Reading up on pointer provenance got me thinking about non-usize sized pointers and relative pointers - again. This time not with the goal of having self referential structs [1] but just to allow improving the memory layout. Rust already does something like this in the background at compile time: Every pointer exists of an origin (original) pointer to the allocated area and an offset into it. At compile time these are combined to a single address which is stored in memory.
But what if we (for a different pointer-like type) don't do this at compile time? When allocating something we get an address from the allocator/OS, which is combined with the offset 0 [2] to form the address that is stored in-memory. This is the case for Vec<T>
, [T]
and most other collections. We'd end up with the original pointer ("Anchor") stored as an address/pointer in-memory and the offset (as a usize or smaller) stored separately ("offset"/"index"). This is already done for arrays, exposing the offset as a "usize" [3], which can be stored in a smaller integer size (e.g. u32) to improve the memory layout. Additionally collections like Vec<T>
can be resized and are thus moved, making the use of normal *T
and &T
even less practical.
Therefore many suggest storing references to entries of a large collection as indicies into the array, which is unfortunate because you loose a bunch of guarantees done by the borrow checker. Having a @T
offset into a collection/allocation with pointer-like semantics + being bound to the allocation may improve that situation.

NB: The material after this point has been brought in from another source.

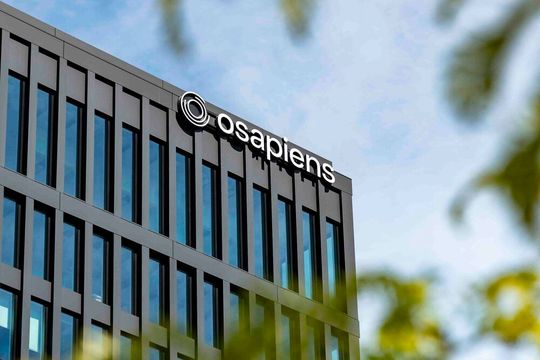 Glückwunsch an den Software-Anbieter Osapiens aus Mannheim! Denn das Start-up gehört nun auch zu den sogenannten Einhörnern, weil Experten analysiert haben, dass dessen Wert die Milliarden-Dollar-Marke erreicht hat.(Bild:  Osapiens)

An way to offset into multiple arrays at the same time (i.e. not being bound to a single array/allocation) could improve the usability of this further, until then it would still be possible by casting Offset<Size,T>
to Size
and using normal index-based addressing, thus opting out of the guarantees Offset
has.
fn move<T>(value: T) -> T {
value
}
fn main() {
let mut data: vec![0,1,2,3,4,5,6,7,8,9]; // Lifetime: 'data
// Storing references
let a: &u8 = data[5]; // What we have now, borrows data: 'data
dbg!(a);
// Storing indicies
let a: usize = 5; // not bound to data or its lifetime
dbg!(data[a]);
// Storing offsets
// Stored like the index, but contains borrow checking like a
// reference, thus this cannot outlive `data`. For now a reference
// to the entire Vec, but could be done using references to
// individual items if supported (different topic).

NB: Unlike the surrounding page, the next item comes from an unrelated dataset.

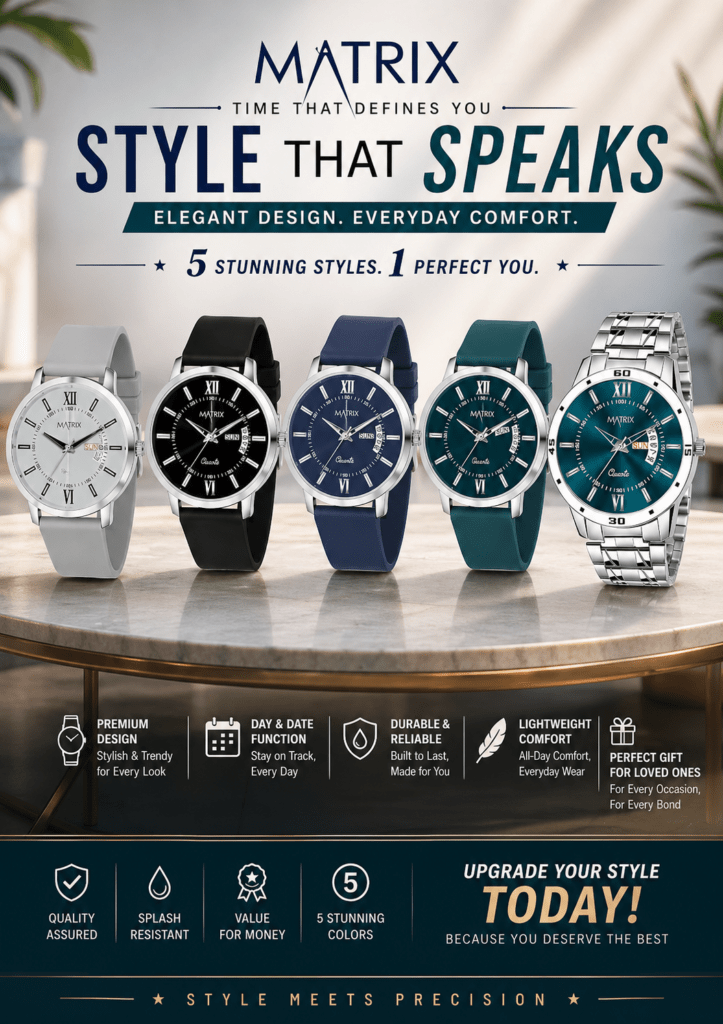 Fastrack Women Watches Under ₹500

// I'm not sure if the `[i]` syntax would work with this,
// hence I'm using a separte function.
// We likely need this `apply_offset` because `a` alone (at runtime)
// isn't sufficient to get to the real address.
let a: @u8 = data.offset(5); // Short-hand for `Offset<usize, u8>`
dbg!(data.apply_offset(a));
// Storing offsets in smaller types to improve size in memory.
let a: Offset<u16, u8> = data.offset(5);
dbg!(data.apply_offset(a));
// Due to being relative to the address of data you can even resize
// the vector, while offsets exist, but this is something you may not
// want, especially reducing the size while larger offsets exist.
data.resize(100, 0);
dbg!(data.apply_offset(a));
}
The example above could be done in a crate, but unless I'm mistaken that implementation wouldn't be able to ensure that the offset goes into the correct collection and thus wouldn't provide much benefit over using normal indicies. You could index into another array that still has a valid lifetime. Additionally there probably would be issues with the lifetime when resizing, which may not exist when this feature is supported by the std lib and the compiler itself.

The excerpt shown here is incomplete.